Review Trinil: Kembalikan Tubuhku: Penuh Teror yang Intens

Baba Qina - Kamis, 4 Januari 2024 21:45 WIB
Review Trinil: Kembalikan Tubuhku: Penuh Teror yang Intens

Cerita tentang seorang janda yang dibunuh anaknya sendiri yang bernama Trinil menjadi catatan kelam nan menyeramkan di era kejayaan radio pada tahun 1980-an. Persaingan asmara antara ibunya yang janda lalu mencintai lelaki bernama Bagus Sujiwo dan Trinil yang juga menyukai orang yang sama membuat Trinil dengan tega membunuh ibu kandungnya. Ia lalu memisahkan kepala ibunya dengan badannya, lalu badan tersebut dikubur, sedangkan kepalanya dibuang ke sungai.
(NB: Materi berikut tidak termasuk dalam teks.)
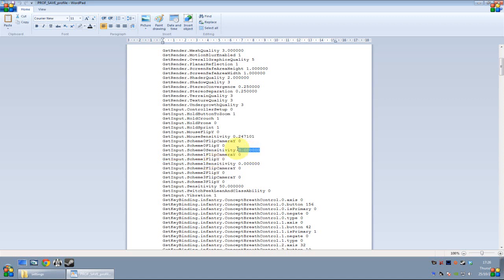Now these default values are 0.5, and what you want to do is change that to 0.0. So you want to put that down to 0, and that should get rid of the mouse acceleration completely.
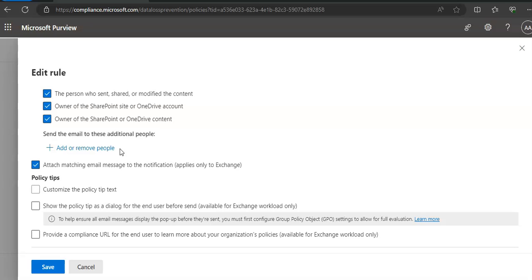In addition, you are able to select 'audit or restrict activities when users access sensitive sites in Microsoft Edge browser on Windows devices.' This choice would allow you to restrict activities on Windows devices in Microsoft Edge browser when users access a sensitive site, and then you can mention user notifications and overrides here and the notifications part as well.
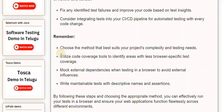Mock external dependencies when testing in a browser to avoid external influences. Write maintainable tests with descriptive names and assertions. By following these steps and choosing the appropriate method, you can effectively run your tests in a browser and ensure your web applications function flawlessly across different environments.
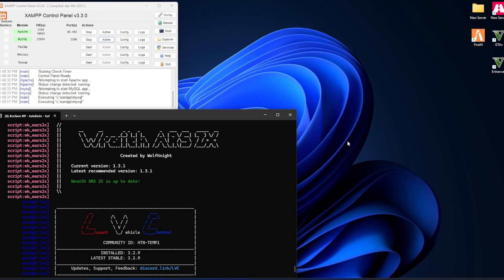Welcome back to another beginner guide to creating your own FiveM server. For this video we're going to be looking at XAMPP MySQL, your server's database — this is where everything gets stored. You can make changes here but I'd suggest you only do so if it's necessary. Don't make changes to spite players or create beef in your server.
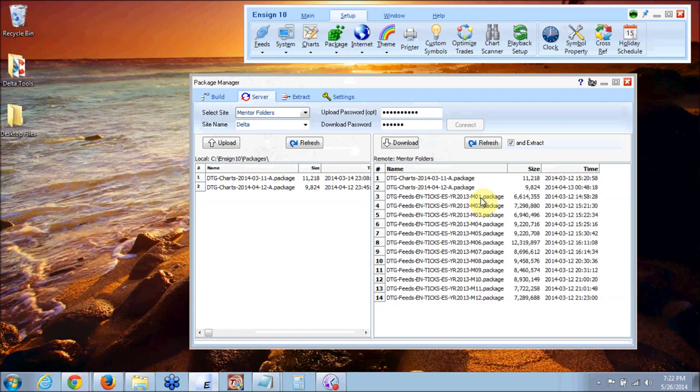You're going to download one of the Delta Charts packages. Delta Trading Group, that's DTG Charts. You're going to download the latest package. In this case it's April 4th, 2012.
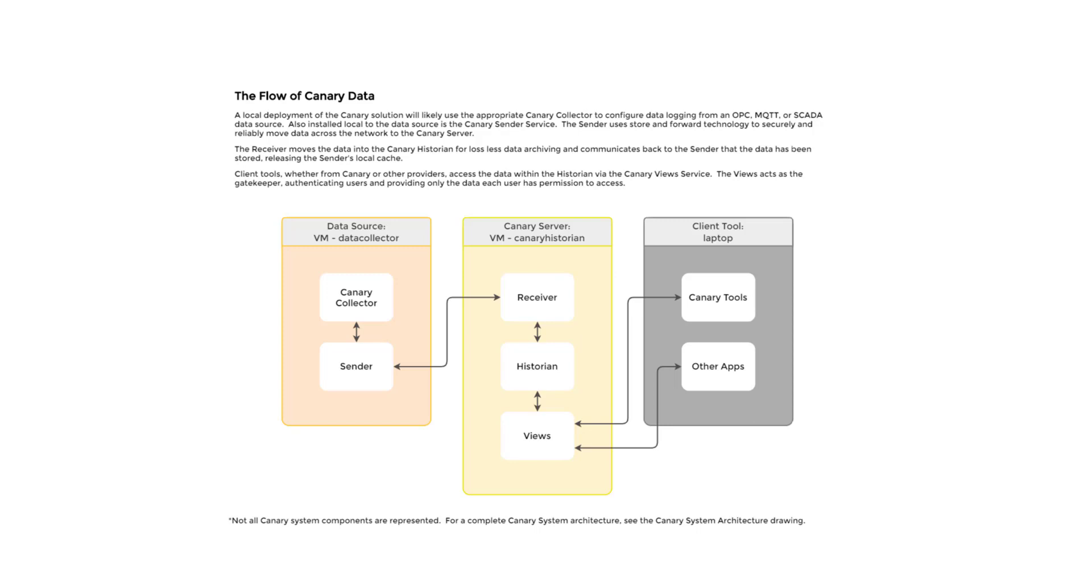Also installed local to the data source is the Canary sender service. The sender uses store and forward technology to securely and reliably move data across the network to the Canary server. The receiver moves the data into the Canary historian for lossless data archiving and communicates back to the sender that the data has been stored, releasing the sender's local cache.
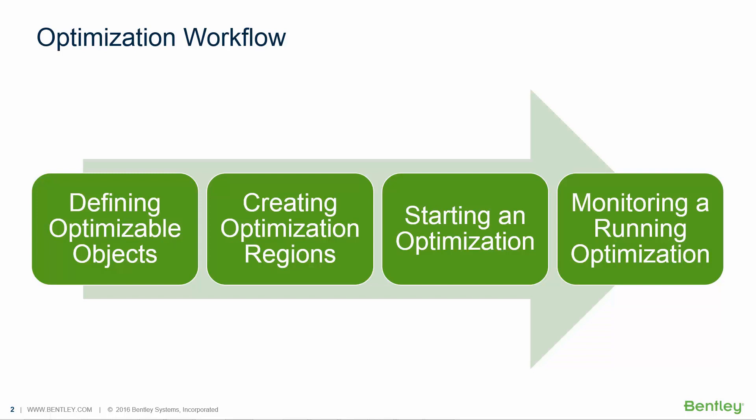Over the course of this video, we will discuss the main steps in the post-tensioned optimization workflow in RAM Concept, including defining the optimizable objects, creating the optimization regions, starting an optimization, and then monitoring and reviewing your optimization results.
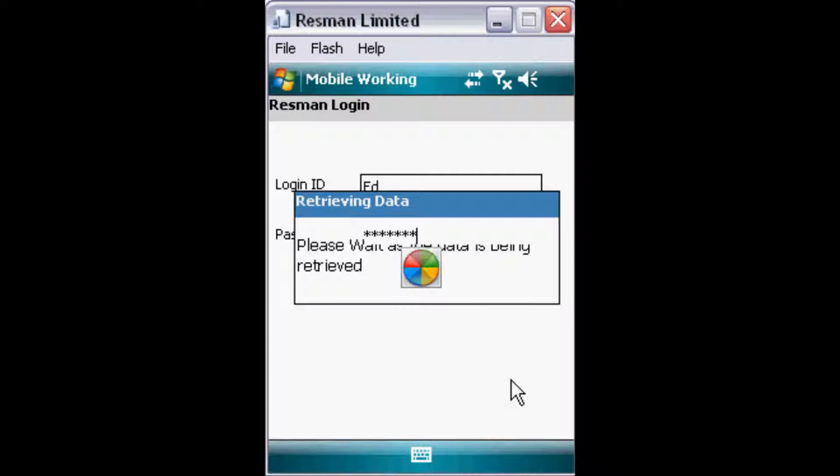Data synchronization occurs automatically and ensures data on the mobile device and the server are perfectly synchronized.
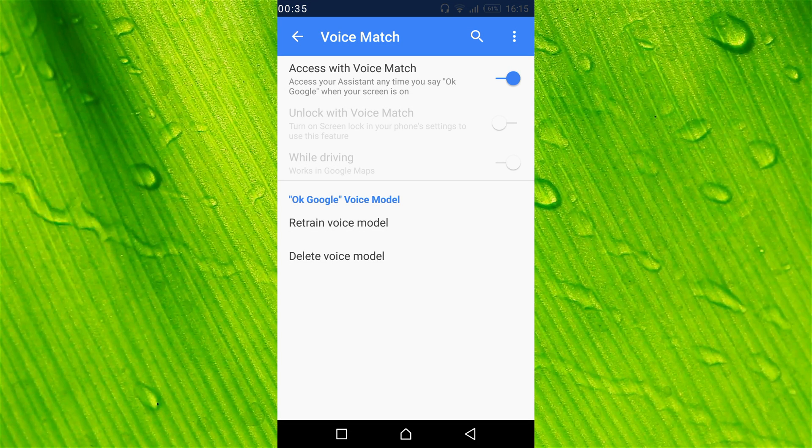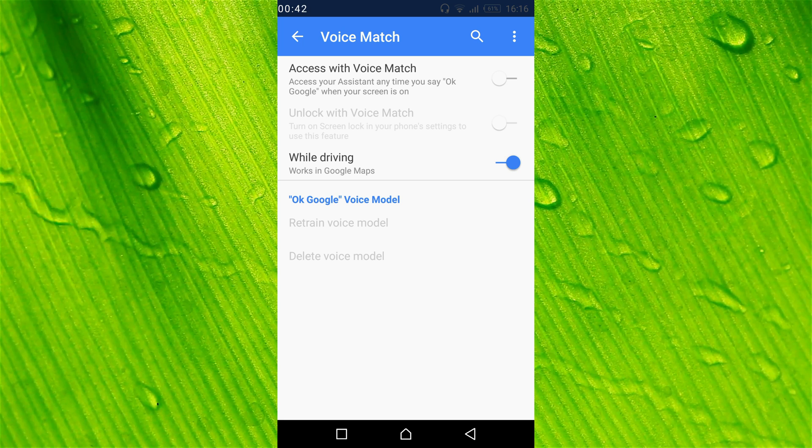Here, turn off Access with Voice Match. Also turn off While Driving, which works in Google Maps.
Kini, sutradara beken Hanung Bramantyo mengangkat drama radio tersebut ke dalam medium film layar, tentu dengan beberapa perubahan cerita dan karakter. Kisah Trinil versi 2024 yang diberi judul Trinil Kembalikan Tubuhku ini akan mengisahkan Rara (Carmela van der Kruk) dan Sutan (Rangga Nattra), pasangan baru menikah yang kembali ke rumah Rara di perkebunan teh setelah pernikahan mereka.

Mereka tinggal di sebuah rumah tua yang merupakan warisan dari ayah Rara. Kini rumah tersebut menjadi tanggung jawab Rara dan Sutan sambil harus mengelola kebun teh yang juga warisan keluarga Rara. Suatu malam, Rara merasakan ketindihan saat tidur. Menyadari ada yang tak beres, Sutan minta bantuan Yusof (Fattah Amin), teman sekolahnya dari Penang, Malaysia, yang biasa menangani beragam kasus mistis.
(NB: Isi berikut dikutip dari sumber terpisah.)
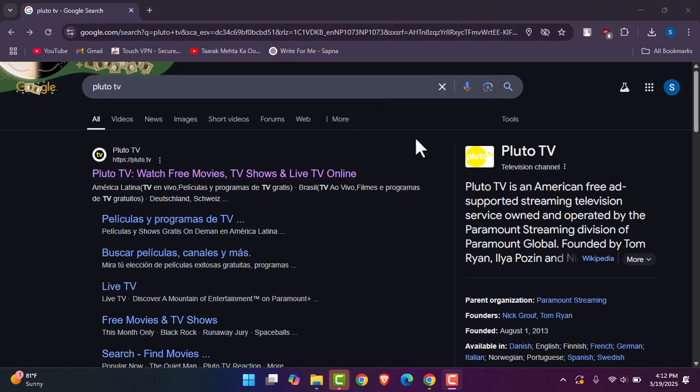To access your Pluto TV, all you gotta do is access your browser and type in Pluto TV, and you will find the result right away. Now make sure it is available in your region, then tap on it and simply start browsing.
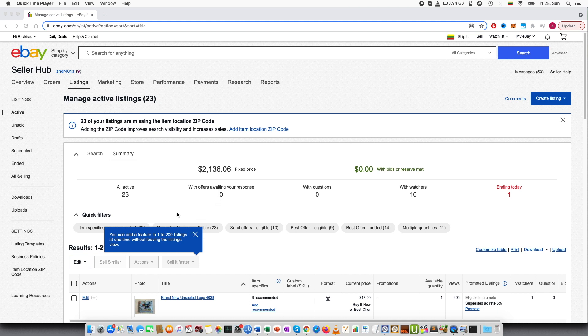So for example, let's imagine a situation where you have listed an item, let's say one year, two years ago, and you want to find these items.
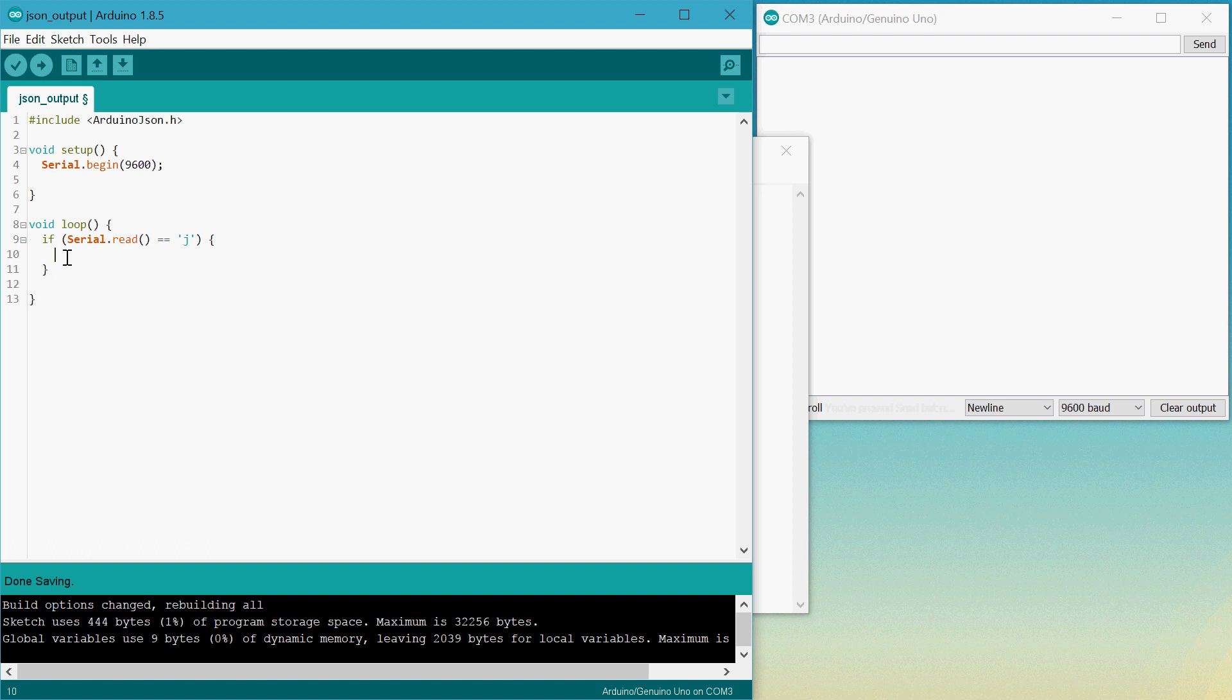So we can start by making a JSON buffer. We'll type in dynamic JSON buffer and we'll call this one JBuffer. So this variable lets us create JSON objects.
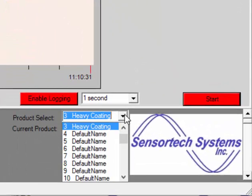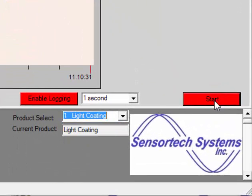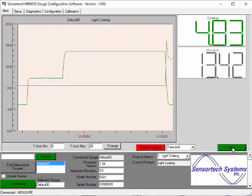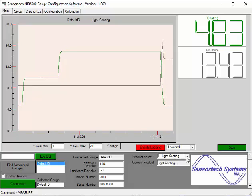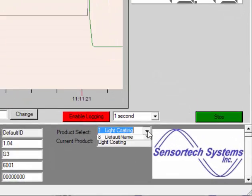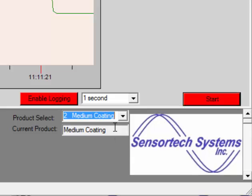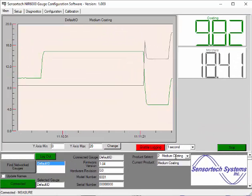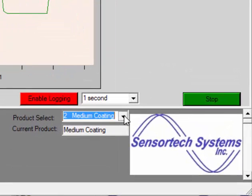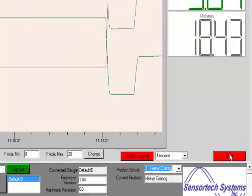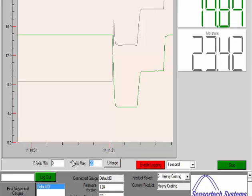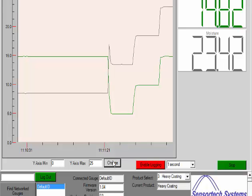Switching back to the main tab, we will resume polling data starting with the light coating product or calibration code. You will notice a change in the moisture measurement as we had changed the C coefficient, or y-intercept, of the moisture calibration. We switch to medium coating and see the moisture measurement change as we would expect. Finally, we do the same for heavy coating and see the measurement change for a third time. We must change the scale of the graph to include the final heavy coating measurement.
Rara menolak ide Sutan yang mengaitkan kejadian ini dengan hal mistis. Namun, teror makin mencekam. Puncaknya, hantu kepala tanpa badan muncul dengan sebuah permintaan, "Trinil, balekno gembungku (kembalikan tubuhku)".

Hanung Bramantyo bersama Haqi Achmad selaku penulis naskah rupanya bersedia untuk meluangkan waktu dalam merangkai misteri. Isi kepala keduanya bukan dikuasai pertanyaan "Kapan harus memunculkan hantu?", melainkan "Bagaimana mengikat atensi penonton terhadap cerita?". Setiap teror tidak hanya bertujuan menakut-nakuti, pun memancing pertanyaan, mencuatkan rasa penasaran penonton akan kebenaran di balik fenomena mistis yang karakternya hadapi.

Trio Carmela-Rangga-Fattah juga tampil kompeten dalam menjaga dinamika sewaktu teror demitnya sedang absen dari layar. Meski ada kalanya dialek yang diucapkan oleh karakter Yusof akan kurang nyaman di telinga native speaker, tapi keberhasilan mereka menghidupkan suasana melalui interaksi kasual telah membayar lunas kekurangan itu. 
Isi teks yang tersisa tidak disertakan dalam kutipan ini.